We will then upload the model file to s3 so it can be retrieved during inference.
├── config
│ ├── config.properties
├── model-store
│ └── cifar34.mar
Replace the S3 bucket name in intel-service.yaml
Copy the cifar34.mar
file inside the docker
folder
cp cifar34.mar docker/
docker build -t torchserve:01 .
docker run -it --rm --net=host torchserve:01
# see available models
curl http://localhost:8081/models
# download sample image
https://raw.githubusercontent.com/kshitijzutshi/INFO6105-CNN-Assignment/main/Intel-image-classification-dataset/seg_train/seg_train/mountain/153.jpg
curl http://127.0.0.1:8080/predictions/cifar34 -T 153.jpg
This will return top 5 predictions.
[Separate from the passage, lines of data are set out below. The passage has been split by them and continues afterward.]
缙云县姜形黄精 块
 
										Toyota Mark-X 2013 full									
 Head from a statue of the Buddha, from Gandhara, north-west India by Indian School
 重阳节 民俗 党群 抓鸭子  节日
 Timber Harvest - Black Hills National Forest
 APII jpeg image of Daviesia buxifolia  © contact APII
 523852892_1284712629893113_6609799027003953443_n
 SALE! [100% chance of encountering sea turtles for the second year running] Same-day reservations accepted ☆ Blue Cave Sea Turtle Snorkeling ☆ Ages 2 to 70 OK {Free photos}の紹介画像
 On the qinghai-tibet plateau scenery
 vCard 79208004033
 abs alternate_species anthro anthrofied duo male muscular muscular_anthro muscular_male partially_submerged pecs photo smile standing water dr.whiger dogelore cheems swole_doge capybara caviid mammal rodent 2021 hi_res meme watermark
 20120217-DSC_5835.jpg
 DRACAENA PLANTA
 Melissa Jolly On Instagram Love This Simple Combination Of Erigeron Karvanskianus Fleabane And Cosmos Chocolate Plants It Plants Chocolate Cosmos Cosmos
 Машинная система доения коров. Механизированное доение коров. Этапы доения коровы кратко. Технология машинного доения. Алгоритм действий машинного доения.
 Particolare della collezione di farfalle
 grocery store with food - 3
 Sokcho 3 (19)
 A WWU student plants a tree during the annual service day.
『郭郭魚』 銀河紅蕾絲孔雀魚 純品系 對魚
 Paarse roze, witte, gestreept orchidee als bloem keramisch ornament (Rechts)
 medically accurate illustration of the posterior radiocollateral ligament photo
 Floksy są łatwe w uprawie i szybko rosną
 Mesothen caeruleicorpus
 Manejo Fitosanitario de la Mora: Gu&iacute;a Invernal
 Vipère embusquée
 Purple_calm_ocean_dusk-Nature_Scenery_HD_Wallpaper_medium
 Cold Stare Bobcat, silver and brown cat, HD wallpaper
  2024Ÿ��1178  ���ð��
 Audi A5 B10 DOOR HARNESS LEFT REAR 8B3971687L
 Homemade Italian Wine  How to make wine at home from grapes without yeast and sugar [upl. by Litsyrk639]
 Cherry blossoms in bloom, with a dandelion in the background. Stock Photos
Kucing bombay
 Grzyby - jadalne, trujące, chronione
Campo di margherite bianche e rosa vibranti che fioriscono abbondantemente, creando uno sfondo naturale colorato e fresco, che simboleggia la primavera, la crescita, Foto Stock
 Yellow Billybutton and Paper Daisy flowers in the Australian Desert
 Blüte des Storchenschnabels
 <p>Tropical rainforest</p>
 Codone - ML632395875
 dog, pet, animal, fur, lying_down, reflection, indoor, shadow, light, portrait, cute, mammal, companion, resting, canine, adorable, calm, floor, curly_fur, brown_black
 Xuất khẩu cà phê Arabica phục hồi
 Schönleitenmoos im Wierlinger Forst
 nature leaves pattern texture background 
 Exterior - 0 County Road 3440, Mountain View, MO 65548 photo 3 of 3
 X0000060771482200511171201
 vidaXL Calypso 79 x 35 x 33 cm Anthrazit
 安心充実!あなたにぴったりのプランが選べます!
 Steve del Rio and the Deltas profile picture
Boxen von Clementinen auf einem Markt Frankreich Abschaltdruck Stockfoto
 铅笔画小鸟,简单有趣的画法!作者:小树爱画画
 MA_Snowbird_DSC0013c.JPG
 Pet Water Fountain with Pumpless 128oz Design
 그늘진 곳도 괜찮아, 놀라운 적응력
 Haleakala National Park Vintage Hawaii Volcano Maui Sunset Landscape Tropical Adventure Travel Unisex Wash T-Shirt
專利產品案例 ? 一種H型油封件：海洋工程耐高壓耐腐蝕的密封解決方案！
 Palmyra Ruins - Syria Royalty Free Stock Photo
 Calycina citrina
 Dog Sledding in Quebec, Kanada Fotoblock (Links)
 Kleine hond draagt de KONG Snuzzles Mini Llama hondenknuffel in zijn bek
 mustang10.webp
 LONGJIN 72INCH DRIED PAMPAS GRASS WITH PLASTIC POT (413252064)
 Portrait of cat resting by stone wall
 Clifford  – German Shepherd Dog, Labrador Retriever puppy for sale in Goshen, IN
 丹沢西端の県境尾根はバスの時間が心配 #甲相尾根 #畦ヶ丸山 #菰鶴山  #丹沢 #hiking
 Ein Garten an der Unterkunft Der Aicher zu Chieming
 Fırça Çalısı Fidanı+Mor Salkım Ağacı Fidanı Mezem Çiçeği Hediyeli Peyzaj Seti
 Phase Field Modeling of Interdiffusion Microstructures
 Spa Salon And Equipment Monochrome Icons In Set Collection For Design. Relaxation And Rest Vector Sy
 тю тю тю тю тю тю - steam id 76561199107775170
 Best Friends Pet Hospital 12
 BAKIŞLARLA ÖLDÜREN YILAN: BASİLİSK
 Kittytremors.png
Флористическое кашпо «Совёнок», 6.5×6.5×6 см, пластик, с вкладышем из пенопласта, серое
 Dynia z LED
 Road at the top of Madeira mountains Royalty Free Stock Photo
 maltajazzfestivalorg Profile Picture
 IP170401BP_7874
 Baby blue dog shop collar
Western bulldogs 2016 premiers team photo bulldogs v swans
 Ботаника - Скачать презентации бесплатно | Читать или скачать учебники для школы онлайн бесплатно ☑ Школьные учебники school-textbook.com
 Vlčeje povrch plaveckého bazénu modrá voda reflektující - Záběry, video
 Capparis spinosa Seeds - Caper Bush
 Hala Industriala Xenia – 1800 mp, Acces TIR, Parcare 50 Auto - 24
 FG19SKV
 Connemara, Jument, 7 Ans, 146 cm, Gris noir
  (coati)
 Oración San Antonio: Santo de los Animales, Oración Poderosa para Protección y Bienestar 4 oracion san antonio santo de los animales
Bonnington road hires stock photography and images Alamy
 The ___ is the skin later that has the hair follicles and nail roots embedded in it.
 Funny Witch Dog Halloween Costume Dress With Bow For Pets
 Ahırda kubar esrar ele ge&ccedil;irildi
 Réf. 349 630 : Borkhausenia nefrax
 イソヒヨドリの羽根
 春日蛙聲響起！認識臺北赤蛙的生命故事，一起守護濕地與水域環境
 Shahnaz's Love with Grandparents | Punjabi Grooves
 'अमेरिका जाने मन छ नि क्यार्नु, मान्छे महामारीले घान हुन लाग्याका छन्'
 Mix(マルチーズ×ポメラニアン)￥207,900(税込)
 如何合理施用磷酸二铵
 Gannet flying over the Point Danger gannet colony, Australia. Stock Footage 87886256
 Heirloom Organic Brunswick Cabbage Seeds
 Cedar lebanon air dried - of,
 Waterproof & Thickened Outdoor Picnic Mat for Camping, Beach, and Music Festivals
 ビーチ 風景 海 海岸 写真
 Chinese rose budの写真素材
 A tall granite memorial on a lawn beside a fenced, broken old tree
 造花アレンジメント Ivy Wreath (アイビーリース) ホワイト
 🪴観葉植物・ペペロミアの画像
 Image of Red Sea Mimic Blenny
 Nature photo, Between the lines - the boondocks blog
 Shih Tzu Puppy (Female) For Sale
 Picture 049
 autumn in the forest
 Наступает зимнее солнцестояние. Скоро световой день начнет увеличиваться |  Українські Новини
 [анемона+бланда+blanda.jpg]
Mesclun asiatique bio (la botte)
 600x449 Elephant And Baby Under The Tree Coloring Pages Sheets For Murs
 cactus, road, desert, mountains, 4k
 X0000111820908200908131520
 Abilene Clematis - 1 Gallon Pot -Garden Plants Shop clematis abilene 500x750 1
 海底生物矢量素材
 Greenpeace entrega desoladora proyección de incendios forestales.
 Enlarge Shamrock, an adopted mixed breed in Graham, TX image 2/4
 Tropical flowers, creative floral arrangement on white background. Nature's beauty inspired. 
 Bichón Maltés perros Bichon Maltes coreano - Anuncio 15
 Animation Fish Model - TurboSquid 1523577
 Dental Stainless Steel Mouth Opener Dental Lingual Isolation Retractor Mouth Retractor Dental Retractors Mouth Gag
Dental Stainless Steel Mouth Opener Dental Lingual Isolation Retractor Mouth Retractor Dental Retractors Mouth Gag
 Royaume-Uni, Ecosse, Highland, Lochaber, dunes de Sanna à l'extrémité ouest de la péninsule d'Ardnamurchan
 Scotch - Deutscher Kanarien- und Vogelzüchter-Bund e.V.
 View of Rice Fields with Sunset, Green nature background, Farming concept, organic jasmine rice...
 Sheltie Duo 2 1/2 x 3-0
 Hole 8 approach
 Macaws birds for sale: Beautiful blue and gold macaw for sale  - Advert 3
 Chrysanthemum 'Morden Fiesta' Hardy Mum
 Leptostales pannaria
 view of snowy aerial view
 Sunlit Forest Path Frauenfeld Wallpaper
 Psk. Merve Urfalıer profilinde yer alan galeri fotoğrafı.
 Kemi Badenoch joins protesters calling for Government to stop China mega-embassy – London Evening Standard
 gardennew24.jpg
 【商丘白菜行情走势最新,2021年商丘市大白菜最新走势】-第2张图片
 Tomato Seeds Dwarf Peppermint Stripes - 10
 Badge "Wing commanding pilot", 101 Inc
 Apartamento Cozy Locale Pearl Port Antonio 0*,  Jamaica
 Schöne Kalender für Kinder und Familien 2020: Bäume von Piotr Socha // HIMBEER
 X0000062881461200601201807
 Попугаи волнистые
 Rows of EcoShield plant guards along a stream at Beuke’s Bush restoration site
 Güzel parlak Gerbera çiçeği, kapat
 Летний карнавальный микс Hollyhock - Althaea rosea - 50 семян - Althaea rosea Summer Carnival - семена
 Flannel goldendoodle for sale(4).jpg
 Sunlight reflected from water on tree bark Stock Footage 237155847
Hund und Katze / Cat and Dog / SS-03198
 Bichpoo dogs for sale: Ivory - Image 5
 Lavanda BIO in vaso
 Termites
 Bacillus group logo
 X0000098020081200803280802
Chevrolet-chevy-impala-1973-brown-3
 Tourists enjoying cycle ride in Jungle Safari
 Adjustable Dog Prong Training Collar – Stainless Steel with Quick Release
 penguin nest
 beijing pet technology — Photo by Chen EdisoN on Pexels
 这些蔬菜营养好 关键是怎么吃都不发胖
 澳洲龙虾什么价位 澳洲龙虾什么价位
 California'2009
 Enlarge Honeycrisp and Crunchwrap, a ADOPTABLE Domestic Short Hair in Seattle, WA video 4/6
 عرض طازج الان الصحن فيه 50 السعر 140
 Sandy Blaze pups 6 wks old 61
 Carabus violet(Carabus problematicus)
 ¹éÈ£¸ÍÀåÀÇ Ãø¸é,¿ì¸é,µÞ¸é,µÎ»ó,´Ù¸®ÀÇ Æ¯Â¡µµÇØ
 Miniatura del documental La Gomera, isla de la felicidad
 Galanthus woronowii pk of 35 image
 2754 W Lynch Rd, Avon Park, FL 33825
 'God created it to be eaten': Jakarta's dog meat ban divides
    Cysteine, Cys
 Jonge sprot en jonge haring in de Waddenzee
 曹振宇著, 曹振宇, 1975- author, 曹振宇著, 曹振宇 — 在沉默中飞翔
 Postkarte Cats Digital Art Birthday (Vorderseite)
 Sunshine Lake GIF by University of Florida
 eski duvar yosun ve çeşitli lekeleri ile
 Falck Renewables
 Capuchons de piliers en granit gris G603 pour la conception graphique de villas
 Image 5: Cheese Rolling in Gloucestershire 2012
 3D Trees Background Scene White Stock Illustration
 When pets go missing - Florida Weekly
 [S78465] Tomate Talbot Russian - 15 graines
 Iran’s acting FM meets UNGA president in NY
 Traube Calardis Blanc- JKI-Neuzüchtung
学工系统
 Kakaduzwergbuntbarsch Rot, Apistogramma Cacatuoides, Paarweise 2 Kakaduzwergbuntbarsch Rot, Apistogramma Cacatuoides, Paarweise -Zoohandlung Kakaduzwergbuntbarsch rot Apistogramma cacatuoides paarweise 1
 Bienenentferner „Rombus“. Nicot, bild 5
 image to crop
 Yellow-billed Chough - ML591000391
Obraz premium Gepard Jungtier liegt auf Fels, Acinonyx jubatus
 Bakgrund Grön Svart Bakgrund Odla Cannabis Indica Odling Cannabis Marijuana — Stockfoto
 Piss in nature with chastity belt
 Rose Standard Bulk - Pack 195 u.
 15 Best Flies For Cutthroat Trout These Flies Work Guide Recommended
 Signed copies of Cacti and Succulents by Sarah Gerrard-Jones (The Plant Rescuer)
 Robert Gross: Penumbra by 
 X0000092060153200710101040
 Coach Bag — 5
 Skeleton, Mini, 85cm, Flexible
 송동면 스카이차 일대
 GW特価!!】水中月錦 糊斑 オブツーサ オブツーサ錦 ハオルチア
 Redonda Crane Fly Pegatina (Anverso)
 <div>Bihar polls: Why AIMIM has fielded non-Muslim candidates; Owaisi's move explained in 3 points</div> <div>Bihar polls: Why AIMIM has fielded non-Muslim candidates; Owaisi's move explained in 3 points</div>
This confirms that our MAR file has not only been successfully generated but is also functional.
Note The ports for torchserve are different in non-kserve and in-kserve environment.
# kubectl
curl -LO https://dl.k8s.io/release/v1.25.1/bin/linux/amd64/kubectl
sudo install -o root -g root -m 0755 kubectl /usr/local/bin/kubectl
# kind
curl -Lo ./kind https://kind.sigs.k8s.io/dl/v0.17.0/kind-linux-amd64
chmod +x ./kind
sudo mv ./kind /usr/local/bin/kind
# create cluster
kind create cluster --image kindest/node:v1.24.1 --name kind
kind get clusters
kubectl cluster-info --context kind-kind
kubectl config use-context kind-kind
# verify
kubectl get service
kubectl get pod
kubectl get deployment
# kserve
curl -s "https://raw.githubusercontent.com/kserve/kserve/release-0.9/hack/quick_install.sh" | bash
kubectl get namespaces
kubectl get pods -n kserve
kubectl apply -f intel-service.yaml
kubectl get pods
kubectl get isvc # once all are running
If you have a pre-processor (aka transformer), port-forward to istio
and not the predictor pod since the data first needs to be preprocessed.
kubectl port-forward -n istio-system svc/istio-ingressgateway 8080:80
The latter will give incorrect results.
Else, if you don't have a transformer, you can either port-forward to istio or to the predictor pod
kubectl port-forward -n istio-system svc/istio-ingressgateway 8080:80
# OR
kubectl port-forward intel-predictor-default-00001-deployment-5bf7f9b9f6-mlgcv 8080:8080
You can now fetch predictions using a python script.
python test.py
or using a curl command
curl http://localhost:8080/v1/models/cifar34:predict -d @./input.json
whereas the file input.json
can be generated via
python3 img2bytearray.py 153.jpg